**Exercise objective**
The answer is the data repeated in full, with no pictures included.

**Dataset section**
+-------+

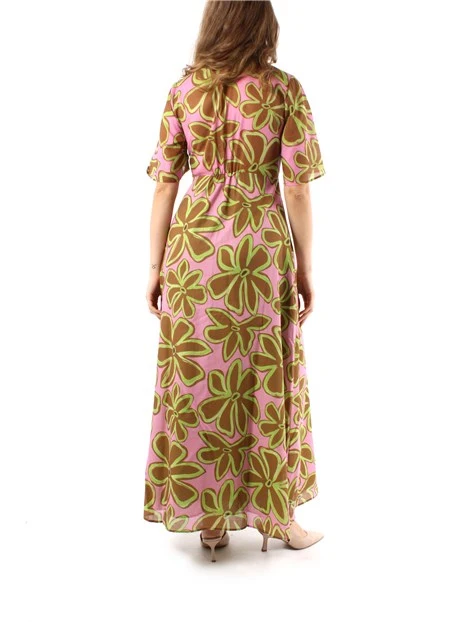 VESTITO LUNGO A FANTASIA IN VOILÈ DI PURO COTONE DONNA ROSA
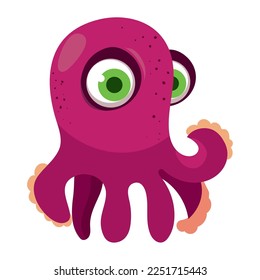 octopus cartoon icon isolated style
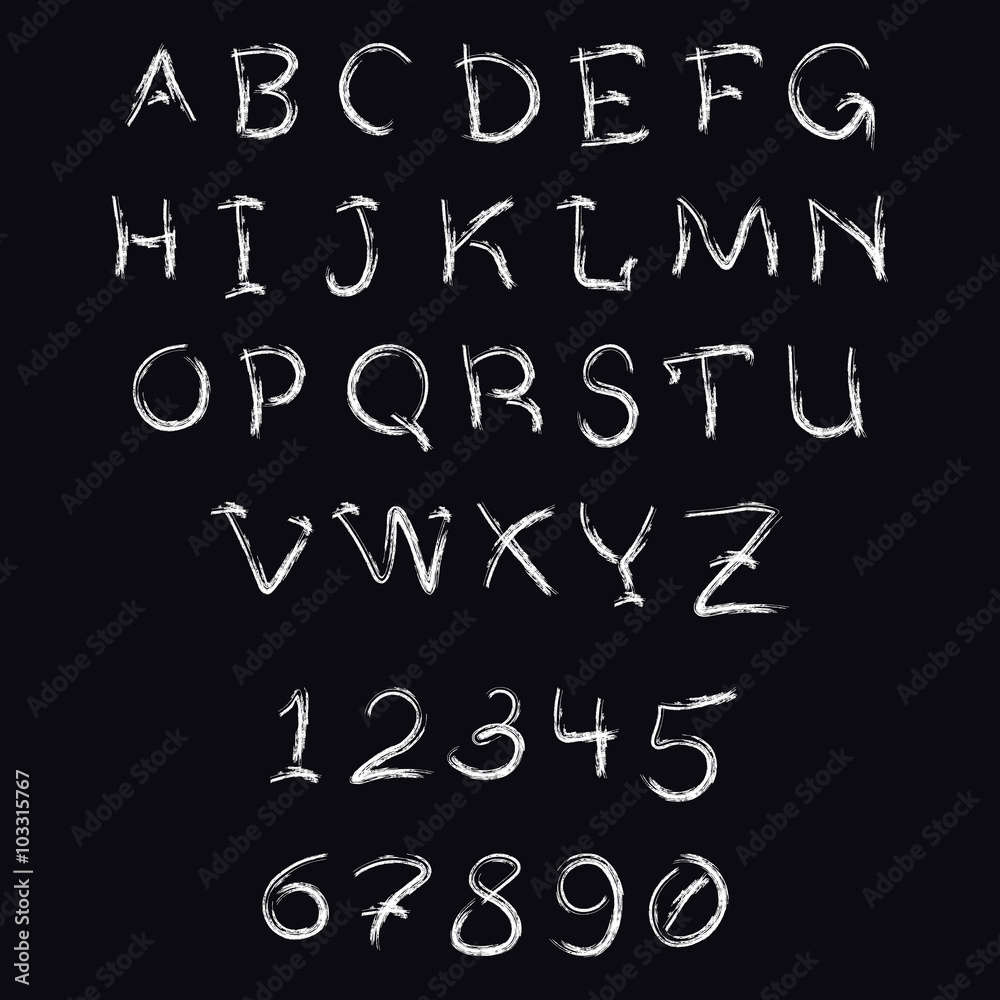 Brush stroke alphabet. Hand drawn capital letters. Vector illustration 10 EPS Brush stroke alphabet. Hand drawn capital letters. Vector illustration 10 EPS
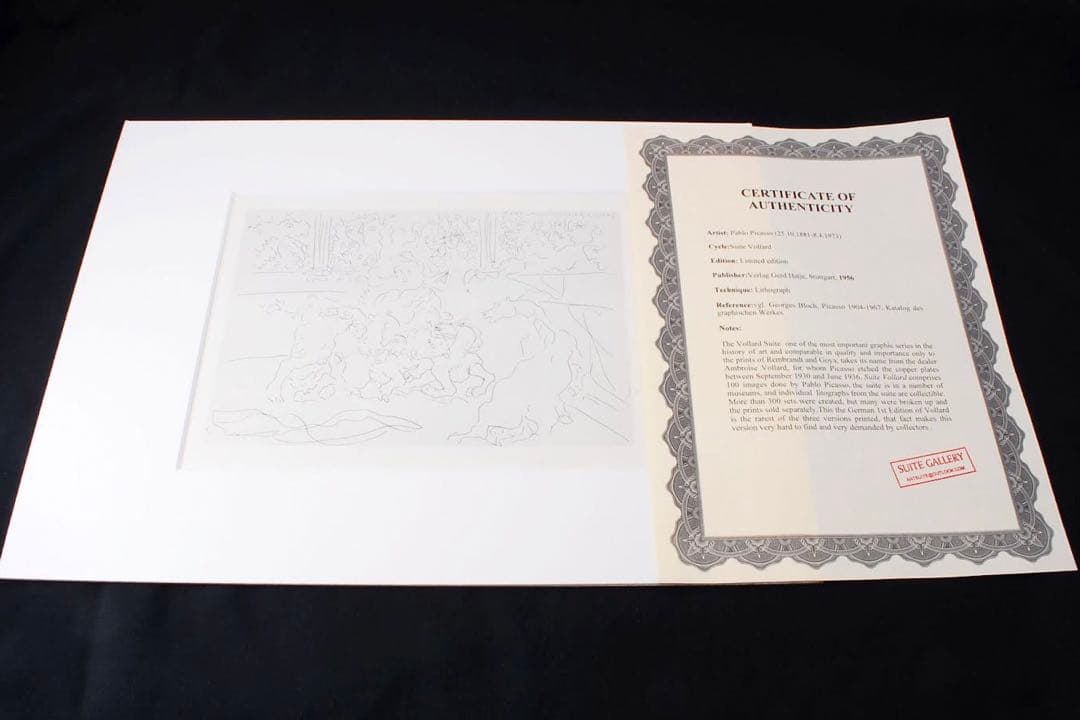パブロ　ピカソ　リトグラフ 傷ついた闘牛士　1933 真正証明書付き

+-------+

**Answer section**
 VESTITO LUNGO A FANTASIA IN VOILÈ DI PURO COTONE DONNA ROSA
 octopus cartoon icon isolated style
 Brush stroke alphabet. Hand drawn capital letters. Vector illustration 10 EPS Brush stroke alphabet. Hand drawn capital letters. Vector illustration 10 EPS
パブロ　ピカソ　リトグラフ 傷ついた闘牛士　1933 真正証明書付き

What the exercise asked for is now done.